The Seminar was organized jointly by the Foundation for the Development of the Midwestern Region of Venezuela (FUDECO) and the then Department of Regional Development and Environment (now Unit of Sustainable Development and Environment, DSD) of the GS/OAS, under the sponsorship of CORDIPLAN and the Office of the Mayor of Iribarrén State, and was held at the FUDECO headquarters in Barquisimeto.
The President of FUDECO, Mr. Manuel Cols Briceño, and the head of the South America Division of the DSD, Mr. Newton Cordeiro, provided technical supervision for the Seminar and its technical secretariat was staffed by Mrs. Maria Eugenia Prieto (FUDECO) and Mrs. Julia Gabel (DSD).
The list of participants appears in Appendix 2.
The opening ceremony was chaired by the Mayor of the Municipality of Iribarren, Dr. Macario González, who, in his address welcoming the participants, noted that "the present challenge is to provide clear answers to environmental problems and articulate new attitudes, new proposals, new policies, and new measures." With reference to local management, he said "... The preservation, balance, and maintenance of this environment, seen properly as a whole, is a function of this primary, autonomous national organization that is the municipality. Thus, exercising the powers vested in us under the Organic Law on the Environment to meet the needs and aspirations of the community would be the basic contribution local governments make to environmental management."

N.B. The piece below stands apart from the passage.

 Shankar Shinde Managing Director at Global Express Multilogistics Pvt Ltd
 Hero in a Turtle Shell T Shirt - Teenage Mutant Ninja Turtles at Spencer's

The President of FUDECO expressed his pleasure in once again serving as host to the countries of the hemisphere, in sharing the coordination of the event with the SG/OAS, and in having won the trust of CORDIPLAN, the Municipal Mayor's Office, and Lagoven S.A., a company that also contributed to the conduct of the Seminar. With reference to the subject of the event, he said that the current debate was not merely about the deterioration of natural resources per se, but went to the core of the problem, which is simply people's quality of life. As an example of local action, he referred to the fact that "the excellent functioning of public enterprises in Medellín and the efficient management of the city of Curitiba, recently praised at the Habitat II world summit in Istanbul, are only two examples of how problems can be solved with perseverance and consistency in our personal behavior and administrative continuity in our institutions, as a formula for action."
Finally, Mrs. Gabel said that the purpose of the Seminar was to share with prominent specialists in the field the experiences of a number of countries in the hemisphere in solving a variety of environmental problems through joint and coordinated action by local governments and civil society, within each country's institutional framework and environmental policies.
The text of the remarks at the opening session appears in Appendix 3.
· Working sessions
The presentations were made by specialists and officials from national and/or local agencies responsible for environmental management in the countries and from nongovernmental organizations. For each country there were a statement of its overall institutional framework for environmental management and a specific experience of local environmental management by a municipality or nongovernmental organization, followed by extensive discussion.
Two working groups were then formed to prepare the conclusions and recommendations: one examining the role of local governments in environmental management and the other dealing specifically with citizen participation.
In preparing the conclusions and recommendations, the working groups reviewed and analyzed the material in the papers and reports and considered the interventions and discussions after each presentation.